L'ambassadeur détaille l'armement et les missiles qui ne cesseront d'alimenter le Hezbollah en passant par la Syrie, alliée de Téhéran et tutrice du Liban. Les attentats contre les forces françaises et américaines de 1983 et les enlèvements d'Occidentaux, comme celui du journaliste Jean-Paul Kauffmann, sont effectués sous le couvert de groupes créés pour la circonstance, mais sont attribués par les services de renseignements occidentaux au Hezbollah.

Les accords de Taëf, qui mettent fin à la guerre civile en 1990 à laquelle le Parti de Dieu a peu participé, permettent au Hezbollah de garder ses armes dans le Sud, au titre de la «résistance». Même après le départ de la Syrie sous la pression internationale, le gouvernement de Fouad Siniora né de la mobilisation antisyrienne concède au Hezbollah le droit à ses armes, remettant leur discussion à plus tard.

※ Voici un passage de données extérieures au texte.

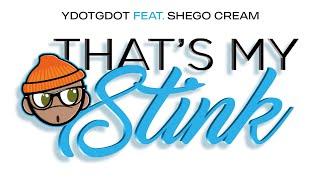 YdotGdot “That’s My Stink” feat SheGo Cream (Official Video) shot by @KOLDViewFilms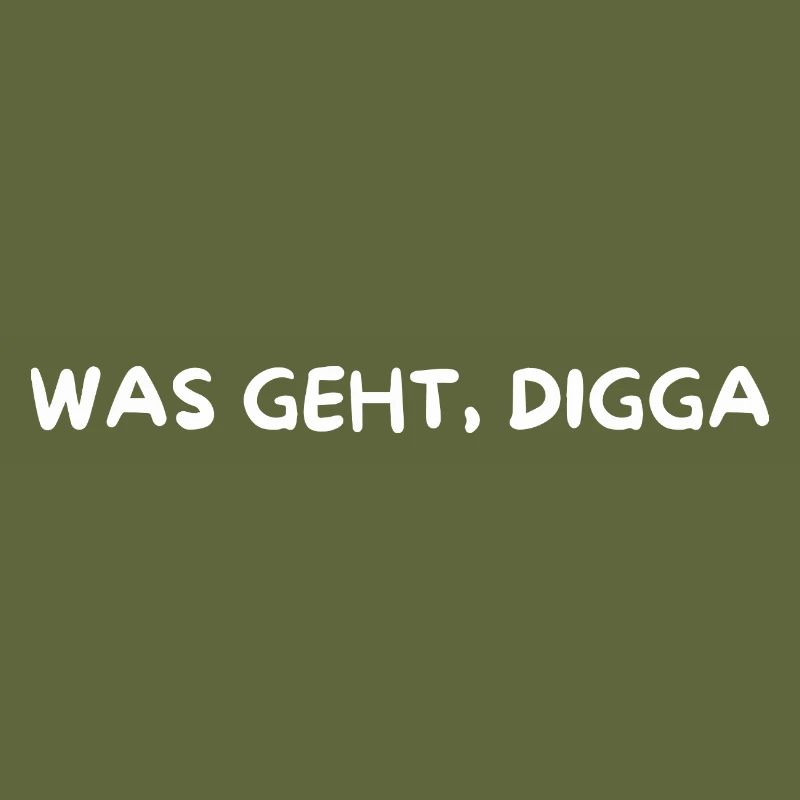 "Digga" Merch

Une bonne partie des Libanais, quoi qu'ils en disent, en veulent au Hezbollah de déclencher la riposte massive d'Israël en enlevant des soldats de Tsahal en juillet 2006.

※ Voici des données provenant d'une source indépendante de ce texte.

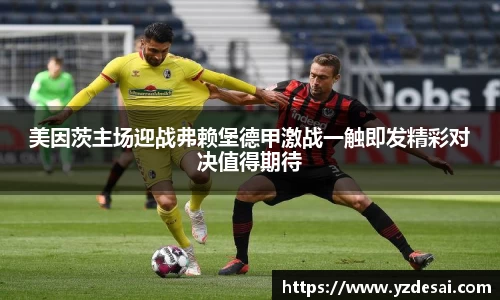 美因茨主场迎战弗赖堡德甲激战一触即发精彩对决值得期待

Plus d'un Libanais n'aurait pas regretté, alors, une défaite du Parti de Dieu. Mais le Hezbollah étrille les Israéliens. En partie à cause de la mauvaise préparation de Tsahal, mais aussi, encore une fois, grâce aux armes venues d'Iran. Les attachés militaires étrangers identifient une grande variété de missiles antichars, dont le Milan, de conception française, le Kornet AT-14, de fabrication russe, ou les RPG-29, également russes, capables de pénétrer la double armure des chars israéliens Merkava.

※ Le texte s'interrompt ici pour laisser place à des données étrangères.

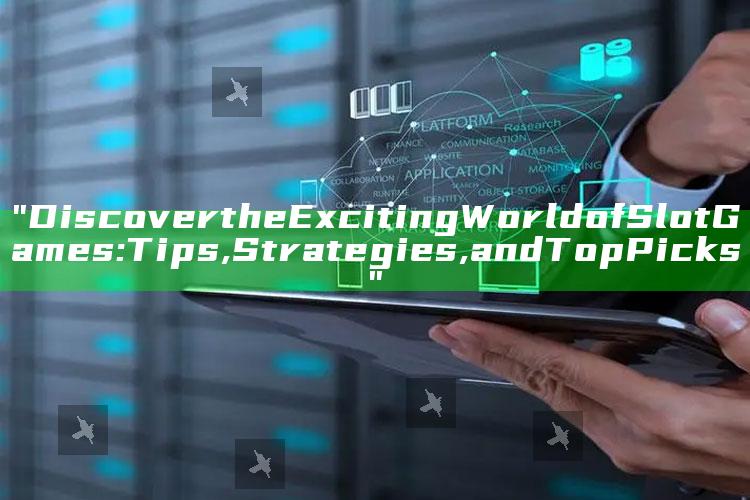 "Discover the Exciting World of Slot Games: Tips, Strategies, and Top Picks"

L'autre ressource des combattants est leur moral. Difficile de battre une armée qui se croit secondée par des forces surnaturelles. Les combattants chiites ont tous raconté avoir été aidé par des spectres à cheval, par des fantômes qui tiraient à leur place, par des voix qui les prévenaient de l'arrivée d'un obus. Les miliciens attribuent leur endurance, issue en réalité d'un entraînement de fer, à une puissance divine, qui leur permettait de se passer de sommeil pendant une semaine. Des histoires colportées partout sont devenues vérité à leurs yeux, comme celle de l'officier israélien dont la main aurait été tranchée d'un coup d'épée par un cavalier fantôme, au moment où le militaire s'apprêtait à tirer sur des combattants du Hezbollah (1).

Fort de sa «victoire divine», le parti de Hassan Nasrallah entame dès lors un combat politique destiné à obtenir enfin la représentation à laquelle il estime avoir droit au gouvernement et au Parlement. Depuis 1992, le mouvement chiite a officiellement abandonné l'idée d'un État islamique et participe aux élections. Il s'est allié avec le Mouvement patriotique libre (MPL) du général chrétien Michel Aoun, l'homme qui avait déclaré la guerre à la Syrie en 1990. Ce mariage, dénoncé par les autres partis chrétiens comme contre nature, est expliqué par le général comme la réaction à une injustice : lui aussi s'estime lésé par le résultat des élections législatives de 2005. En 2006, les ministres du Hezbollah et leurs alliés quittent le gouvernement, entamant une crise qui culminera avec les affrontements du 7 mai. Qui les a déclenchés ? En privé, selon un diplomate occidental, plusieurs hauts responsables du gouvernement reconnaissent avoir commis une erreur. En dénonçant subitement le réseau téléphonique privé du Hezbollah, probablement construit avec l'aide de l'Iran, le ministre druze Walid Joumblatt a rompu le pacte qui remettait à plus tard la négociation sur l'armement du parti chiite. Le Hezbollah, pour sa part, estime n'avoir fait que «défendre ses armes», selon une doctrine publiquement affichée. Les Libanais qui ont subi l'occupation de leur quartier l'ont compris autrement. «Il y a eu aussi des erreurs du côté du Hezbollah, dit le politologue Joseph Bahout, Et elles ont déclenché un débat interne.»

La délégation de l'occupation de Beyrouth-Ouest, en maints endroits, aux miliciens d'Amal et du Parti social nationaliste syrien, moins disciplinés, a laissé des traces. Le Liban vit aujourd'hui dans la méfiance, et dans le camp de la majorité actuelle certains parlent ouvertement de réarmer. En attendant les négociations sur la composition du gouvernement, l'ère nouvelle est grosse de dangers.

 

Note

(1) Le Hezbollah, état des lieux, ouvrage collectif dirigé par Sabrina Mervin, Actes Sud.